• WHAT THE TASK REQUIRES: Would you output the listing exactly, with every image omitted?

• STORED DATA:
☆ ☆ ☆
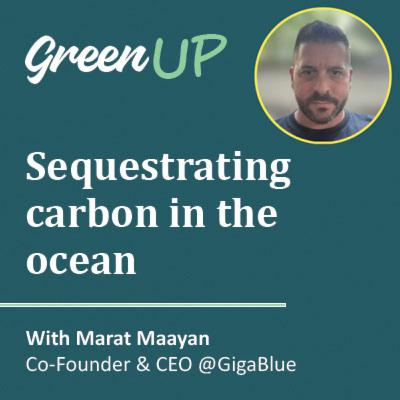 Sequestrating Carbon in the Ocean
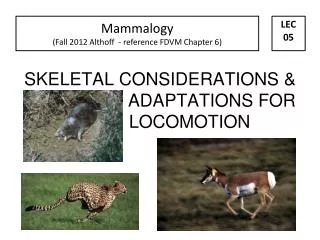 SKELETAL CONSIDERATIONS &amp; ADAPTATIONS FOR LOCOMOTION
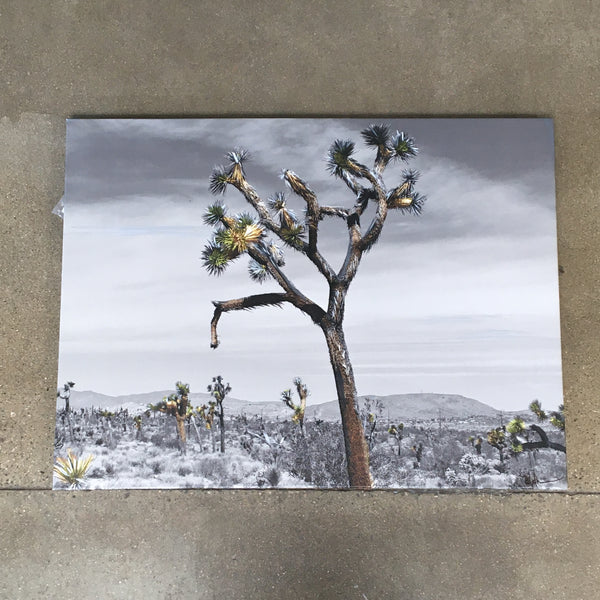 Signed Joshua Tree Acrylic On Canvas
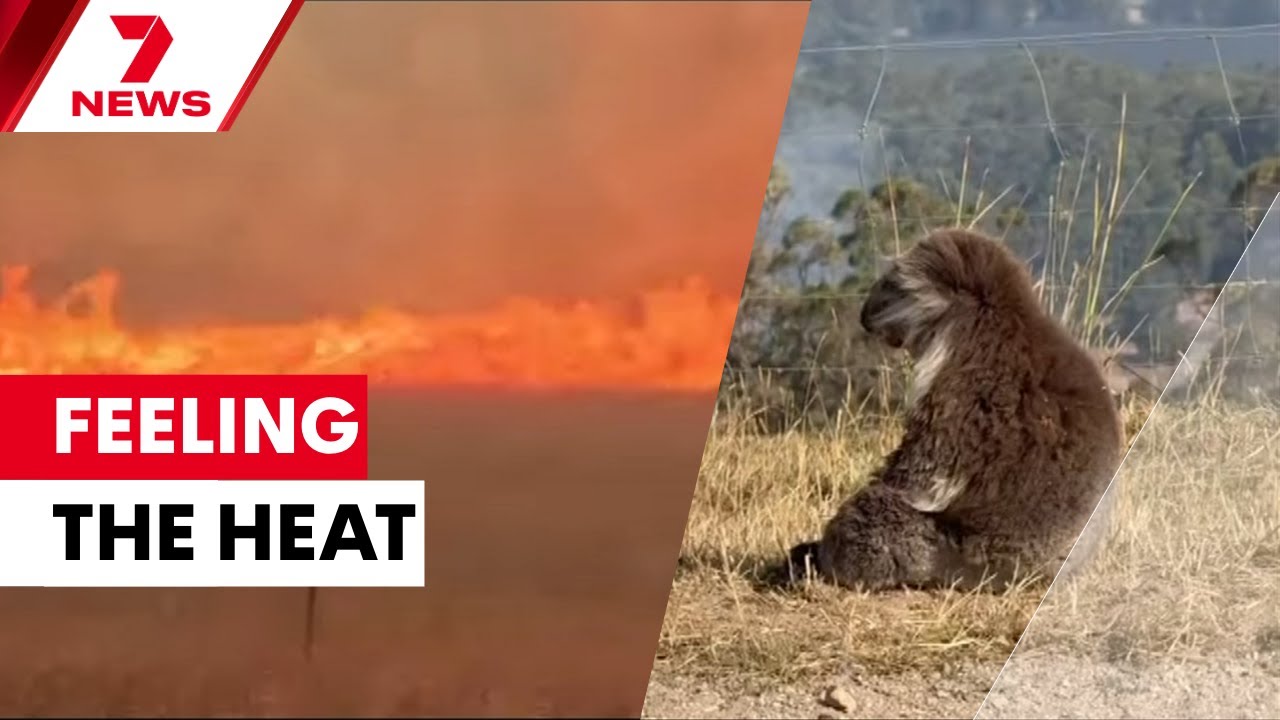 Victoria's summer scorcher: 16 more structures lost and 100,000 without power | 7NEWS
☆ ☆ ☆
• ANSWER SECTION:
 Sequestrating Carbon in the Ocean
 SKELETAL CONSIDERATIONS &amp; ADAPTATIONS FOR LOCOMOTION
 Signed Joshua Tree Acrylic On Canvas
 Victoria's summer scorcher: 16 more structures lost and 100,000 without power | 7NEWS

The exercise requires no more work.